Cliënte vindt dat de reis en de zorg die zij heeft gekregen niet hetgeen is dat van tevoren met haar is besproken. Cliënte heeft € 4926,12 betaald voor de reis en wil nu € 2.500,– schadevergoeding van de zorgaanbieder. Zorgaanbieder wil uit coulance € 380,– als vergoeding geven, maar de schadevergoeding van € 2.500,– is buiten proportioneel. De commissie is van oordeel dat de zorgaanbieder heeft voldaan aan zijn zorgplicht.

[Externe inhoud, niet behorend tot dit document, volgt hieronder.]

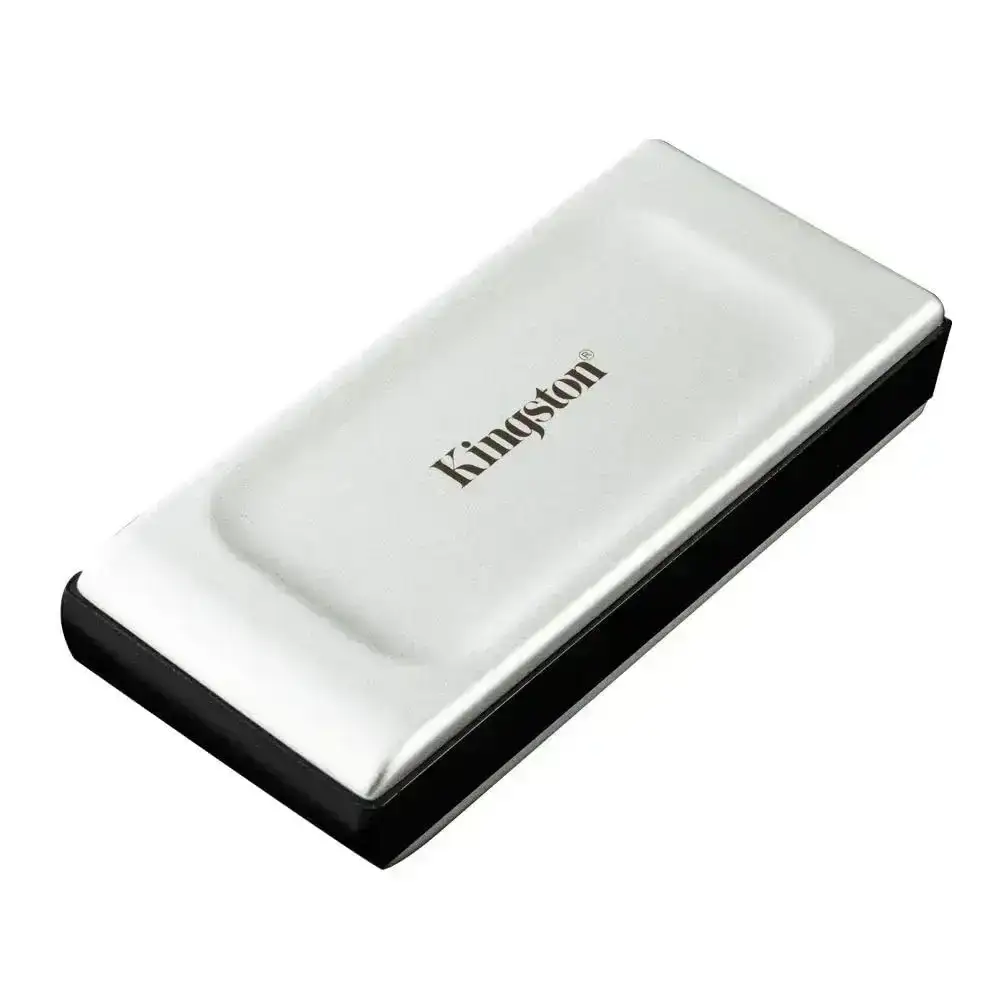 Kingston XS2000 500GB external SSD. Pocket-sized USB Type-C 3.2 Gen 2 drive with up to 2000MB/s read/write speeds.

De commissie verklaart de klacht ongegrond.

De uitspraak

In het geschil tussen

mevrouw [naam], wonende te [plaatsnaam] (hierna te noemen: de cliënte)

en

Reisburo Vakantie & Zorg, gevestigd te Emmen
(hierna te noemen: de zorgaanbieder).

Behandeling van het geschil
Partijen zijn overeengekomen dit geschil bij bindend advies door de Geschillencommissie Zorg Algemeen (verder te noemen: de commissie) te laten beslechten.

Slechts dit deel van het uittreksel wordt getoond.